Ni même l’escalier qui mène vers le sous-sol. Descendez-y et vous y trouverez une porte condamnée, masquant une pièce à l’intérieur de laquelle un étalage de caisses salies par les préjugés actuels et par le reniement du groupe lui même semble avoir déjà avoir fait son temps. Il ne reste rien de ces objets, sinon leur statut culte collé à l’arrache par les fans de dernière heure qui n’ont vraisemblablement qu’un soupçon de réel intérêt envers leur contenu.
Comme je comprends les détracteurs des œuvres nauséabondes du groupe. Une série de parasites, de calomnies, de catastrophes soit disant musicales qui ont fait leur nom... Ah l'appât du gain...

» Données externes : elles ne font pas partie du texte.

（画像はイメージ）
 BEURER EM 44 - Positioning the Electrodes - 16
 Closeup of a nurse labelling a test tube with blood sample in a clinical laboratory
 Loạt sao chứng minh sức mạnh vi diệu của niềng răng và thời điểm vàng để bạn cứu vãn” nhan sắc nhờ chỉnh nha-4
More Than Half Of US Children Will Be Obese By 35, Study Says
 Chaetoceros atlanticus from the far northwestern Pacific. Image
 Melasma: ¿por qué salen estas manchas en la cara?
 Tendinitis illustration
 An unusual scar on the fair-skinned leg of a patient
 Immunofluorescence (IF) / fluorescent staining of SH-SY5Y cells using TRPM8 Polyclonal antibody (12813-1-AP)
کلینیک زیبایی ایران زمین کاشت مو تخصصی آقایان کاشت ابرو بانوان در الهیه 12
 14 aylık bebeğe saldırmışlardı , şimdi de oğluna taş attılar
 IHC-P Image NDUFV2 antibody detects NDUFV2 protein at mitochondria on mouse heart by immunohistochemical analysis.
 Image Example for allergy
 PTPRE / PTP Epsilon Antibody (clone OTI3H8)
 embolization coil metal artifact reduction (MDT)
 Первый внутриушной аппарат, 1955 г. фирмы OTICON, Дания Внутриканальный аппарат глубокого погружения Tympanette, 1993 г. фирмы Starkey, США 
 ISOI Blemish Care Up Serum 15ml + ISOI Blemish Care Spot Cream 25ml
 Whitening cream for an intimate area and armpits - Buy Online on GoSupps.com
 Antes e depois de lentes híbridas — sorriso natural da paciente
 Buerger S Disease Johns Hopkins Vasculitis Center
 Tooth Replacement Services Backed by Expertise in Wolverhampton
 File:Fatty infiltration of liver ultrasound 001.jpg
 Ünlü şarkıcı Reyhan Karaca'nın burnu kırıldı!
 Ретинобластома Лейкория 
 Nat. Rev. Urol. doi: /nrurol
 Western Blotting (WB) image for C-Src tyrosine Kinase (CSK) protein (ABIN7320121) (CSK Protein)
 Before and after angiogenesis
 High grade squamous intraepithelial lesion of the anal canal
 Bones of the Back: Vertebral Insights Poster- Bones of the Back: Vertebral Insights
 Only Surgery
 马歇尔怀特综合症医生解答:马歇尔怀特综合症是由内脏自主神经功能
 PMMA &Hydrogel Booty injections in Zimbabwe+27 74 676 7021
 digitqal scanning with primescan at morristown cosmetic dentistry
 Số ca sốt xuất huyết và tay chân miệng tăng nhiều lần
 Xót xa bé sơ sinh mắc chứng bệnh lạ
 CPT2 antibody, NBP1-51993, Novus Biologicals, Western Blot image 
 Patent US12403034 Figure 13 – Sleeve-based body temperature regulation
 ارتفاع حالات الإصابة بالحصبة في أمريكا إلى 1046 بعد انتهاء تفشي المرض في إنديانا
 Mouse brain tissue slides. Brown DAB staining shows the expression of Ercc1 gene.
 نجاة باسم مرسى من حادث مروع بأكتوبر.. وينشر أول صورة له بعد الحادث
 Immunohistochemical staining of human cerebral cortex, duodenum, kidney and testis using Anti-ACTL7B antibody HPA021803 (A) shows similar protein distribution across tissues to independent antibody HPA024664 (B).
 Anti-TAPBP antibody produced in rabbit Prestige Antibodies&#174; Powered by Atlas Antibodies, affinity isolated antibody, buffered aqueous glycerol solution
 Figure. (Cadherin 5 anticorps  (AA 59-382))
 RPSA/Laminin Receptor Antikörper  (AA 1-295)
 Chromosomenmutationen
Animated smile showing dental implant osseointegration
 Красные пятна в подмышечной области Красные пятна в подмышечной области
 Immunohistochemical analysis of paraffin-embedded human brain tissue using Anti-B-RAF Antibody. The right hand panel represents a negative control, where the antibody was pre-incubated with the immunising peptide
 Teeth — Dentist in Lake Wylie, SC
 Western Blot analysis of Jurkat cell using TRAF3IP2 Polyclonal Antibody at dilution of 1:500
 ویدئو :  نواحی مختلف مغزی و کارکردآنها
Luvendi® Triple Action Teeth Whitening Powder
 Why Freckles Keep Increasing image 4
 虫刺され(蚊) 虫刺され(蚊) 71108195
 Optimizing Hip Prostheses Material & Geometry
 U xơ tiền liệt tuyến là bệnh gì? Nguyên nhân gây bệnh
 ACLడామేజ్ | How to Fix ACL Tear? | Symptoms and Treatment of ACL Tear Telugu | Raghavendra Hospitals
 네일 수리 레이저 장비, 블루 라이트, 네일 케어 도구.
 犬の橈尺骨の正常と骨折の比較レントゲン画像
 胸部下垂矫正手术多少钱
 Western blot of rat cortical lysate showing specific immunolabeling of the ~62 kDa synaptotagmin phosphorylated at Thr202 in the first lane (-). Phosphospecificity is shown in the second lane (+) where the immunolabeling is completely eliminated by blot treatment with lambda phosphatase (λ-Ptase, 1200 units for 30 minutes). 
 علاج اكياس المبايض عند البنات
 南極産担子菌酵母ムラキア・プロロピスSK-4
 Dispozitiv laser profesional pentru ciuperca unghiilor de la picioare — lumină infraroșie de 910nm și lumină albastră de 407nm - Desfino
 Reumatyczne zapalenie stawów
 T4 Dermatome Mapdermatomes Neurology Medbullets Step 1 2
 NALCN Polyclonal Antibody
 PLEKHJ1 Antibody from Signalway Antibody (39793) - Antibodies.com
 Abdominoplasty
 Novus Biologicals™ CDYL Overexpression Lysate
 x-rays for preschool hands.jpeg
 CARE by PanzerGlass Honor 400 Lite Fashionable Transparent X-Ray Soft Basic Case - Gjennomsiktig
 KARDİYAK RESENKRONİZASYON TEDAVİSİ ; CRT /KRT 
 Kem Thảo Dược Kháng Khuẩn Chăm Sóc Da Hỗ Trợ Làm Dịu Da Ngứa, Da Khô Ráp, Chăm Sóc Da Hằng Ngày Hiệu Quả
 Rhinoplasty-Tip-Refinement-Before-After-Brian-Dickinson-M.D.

Slipknot est devenu un condensé d'autoparodie. Et ce sont ces critiques totalitaires que j’ai moi-même prononcées et qui m’ont totalement désintéressé de Mate, Feed,
Kill, Repeat… C’est ce disque qui leur a valu l’attention du label Roadrunner, vendu en un demi millier d’exemplaires dont les rares restant sur le marché se voient aujourd’hui légués en échange d’une somme astronomique. Et à force de donner la nausée, les pustules et la jaunisse aux metalhead et de récolter des 5/20 sur spirit-of-metal, qui serait assez fou pour trouer son compte en banque en l’honneur d’une grosse blague comme celle-là ?
Pourtant ce disque est arrivé chez moi, peu après l’écoute de
Iowa, sans doute leur pièce la plus minable qui donnerait à elle seule toute fondation nécessaire aux arguments précités.
Et après son écoute, je me devais de le chroniquer. Pourquoi ? La réponse est simple : Parce que j’adore les contrastes les plus flagrants. Et celui-ci en est un exemple d’une taille monumentale au point de me poser cette question : « Est-ce vraiment un disque de
Slipknot ? »
Car avec Mate, Feed,
Kill, Repeat, toute caractéristique propre au groupe se voit disséminée.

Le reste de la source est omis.